__Data provided__:

>>>>>

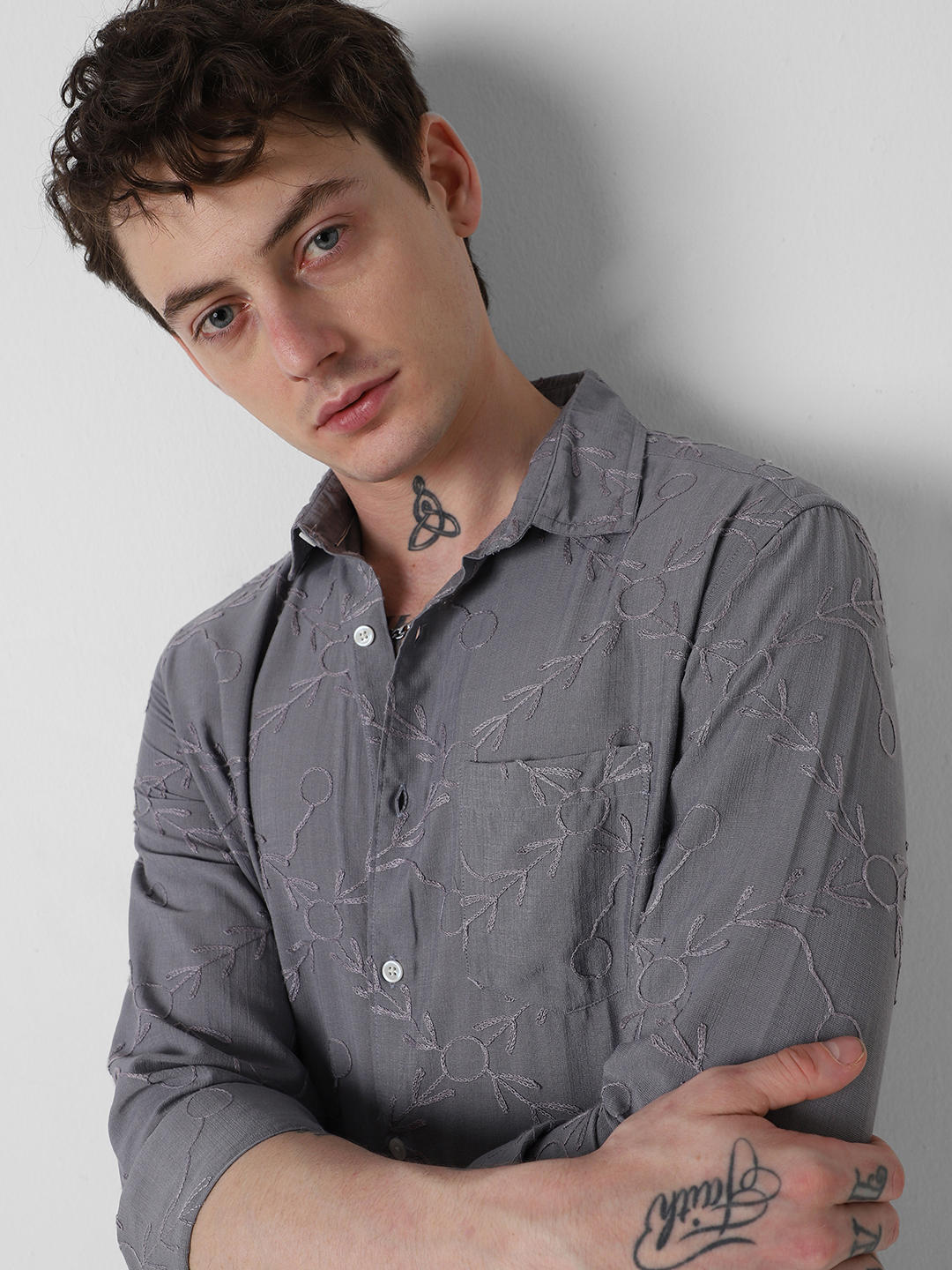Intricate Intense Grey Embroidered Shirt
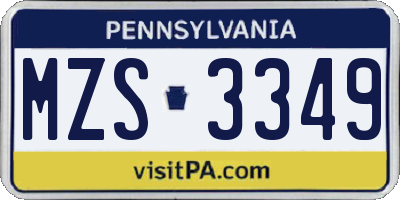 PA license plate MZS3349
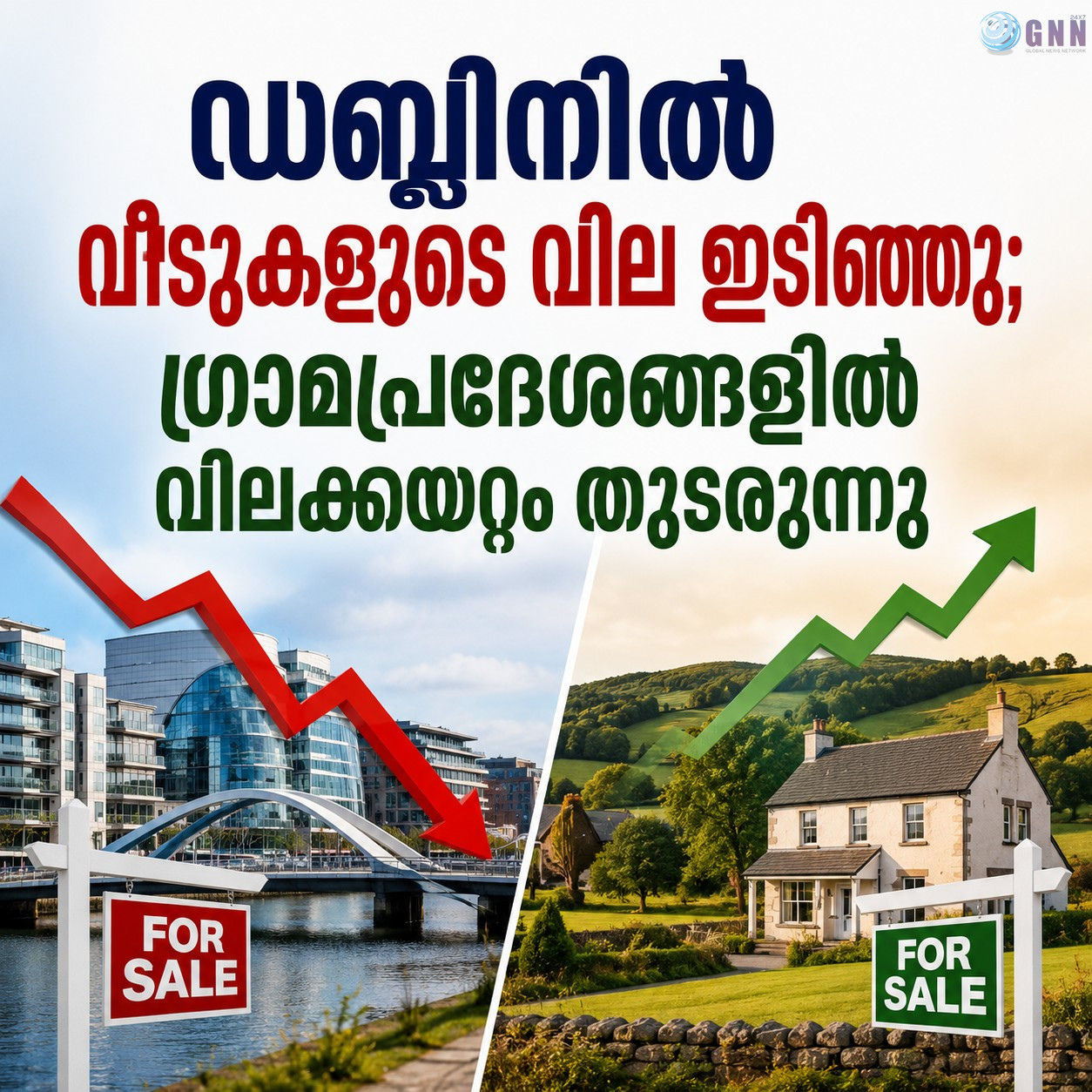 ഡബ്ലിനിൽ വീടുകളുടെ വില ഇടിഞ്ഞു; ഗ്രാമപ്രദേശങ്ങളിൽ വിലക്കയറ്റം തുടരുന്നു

<<<<<

__What you need to do__: Go through the listing above and write it all out exactly, leaving out any picture.

__Expected answer__:
Intricate Intense Grey Embroidered Shirt
 PA license plate MZS3349
 ഡബ്ലിനിൽ വീടുകളുടെ വില ഇടിഞ്ഞു; ഗ്രാമപ്രദേശങ്ങളിൽ വിലക്കയറ്റം തുടരുന്നു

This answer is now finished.